Individual investors are the primary owners of these funds as opposed to institutions.
Institutions such as mutual funds don't buy shares of closed-end funds or other mutual funds because their customers don't like the idea of paying two sets of fees,.
We can postulate that individual investors would be more flighty than professional investors, such as pension funds and endowments, and thus, they would be subject to shifting moods of optimism or pessimism ("investor sentiment").
When individual investors are feeling perky, discount on closed-end funds shrink and when they get depressed or scared, the discounts get bigger.
Individual investors are also more likely than institutional investors to own shares of small companies.
Institutions shy away from the shares of small companies because these shares do not trade enough to provide liquidity a big investor needs.
How to measure individual investor sentiment?

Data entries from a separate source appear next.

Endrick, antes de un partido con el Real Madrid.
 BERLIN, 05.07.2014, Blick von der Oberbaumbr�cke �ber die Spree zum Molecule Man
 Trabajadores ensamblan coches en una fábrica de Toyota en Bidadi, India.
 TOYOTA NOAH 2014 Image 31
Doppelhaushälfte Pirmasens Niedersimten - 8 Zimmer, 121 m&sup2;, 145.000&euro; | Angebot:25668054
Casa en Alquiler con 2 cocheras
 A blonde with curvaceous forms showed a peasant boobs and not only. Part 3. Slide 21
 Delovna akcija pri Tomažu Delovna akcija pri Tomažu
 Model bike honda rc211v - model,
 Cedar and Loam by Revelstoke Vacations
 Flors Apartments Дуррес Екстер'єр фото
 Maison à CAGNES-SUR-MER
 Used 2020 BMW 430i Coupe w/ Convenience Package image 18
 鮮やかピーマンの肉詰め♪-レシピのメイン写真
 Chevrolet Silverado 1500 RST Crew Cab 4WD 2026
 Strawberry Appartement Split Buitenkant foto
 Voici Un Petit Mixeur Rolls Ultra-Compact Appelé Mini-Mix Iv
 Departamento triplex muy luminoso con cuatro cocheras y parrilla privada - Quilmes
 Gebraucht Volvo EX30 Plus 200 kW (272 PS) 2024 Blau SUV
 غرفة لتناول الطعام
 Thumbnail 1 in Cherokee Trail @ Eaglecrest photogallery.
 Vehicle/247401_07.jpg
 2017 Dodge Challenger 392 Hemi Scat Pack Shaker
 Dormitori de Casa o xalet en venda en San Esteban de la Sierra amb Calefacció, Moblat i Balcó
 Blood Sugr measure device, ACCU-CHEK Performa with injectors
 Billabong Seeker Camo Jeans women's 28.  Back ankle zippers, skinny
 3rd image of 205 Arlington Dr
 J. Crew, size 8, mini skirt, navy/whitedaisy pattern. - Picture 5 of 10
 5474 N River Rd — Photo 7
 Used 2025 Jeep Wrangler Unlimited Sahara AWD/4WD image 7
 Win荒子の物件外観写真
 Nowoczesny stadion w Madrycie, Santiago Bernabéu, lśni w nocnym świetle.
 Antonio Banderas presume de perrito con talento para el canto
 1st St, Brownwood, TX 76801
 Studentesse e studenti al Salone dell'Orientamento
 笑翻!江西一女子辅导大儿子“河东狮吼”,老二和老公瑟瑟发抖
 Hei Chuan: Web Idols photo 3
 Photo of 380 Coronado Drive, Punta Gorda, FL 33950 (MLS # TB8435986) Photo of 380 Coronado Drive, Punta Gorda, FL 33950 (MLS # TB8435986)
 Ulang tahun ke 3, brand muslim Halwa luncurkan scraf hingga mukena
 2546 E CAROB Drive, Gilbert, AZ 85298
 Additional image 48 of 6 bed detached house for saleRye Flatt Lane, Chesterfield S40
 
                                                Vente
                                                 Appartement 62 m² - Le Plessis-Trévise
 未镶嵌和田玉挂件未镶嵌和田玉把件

So, if the investor sentiment of individuals varies, it would show up both in the discounts on closed-end funds and on the relative performance of small companies versus big companies.
That is exactly what was found. The average discount on closed-end funds was correlated with the difference in returns between small and large company stocks; the greater the discount, the larger the difference in returns between those two types of stocks.
How to profit from this investor sentiment variability?
The strategy of buying the closed-end funds with the biggest discounts earned superior returns (a strategy also advocated by Benjamin Graham). Burton Malkiel, author of A Random Walk Down Wall Street, has also advocated such a strategy.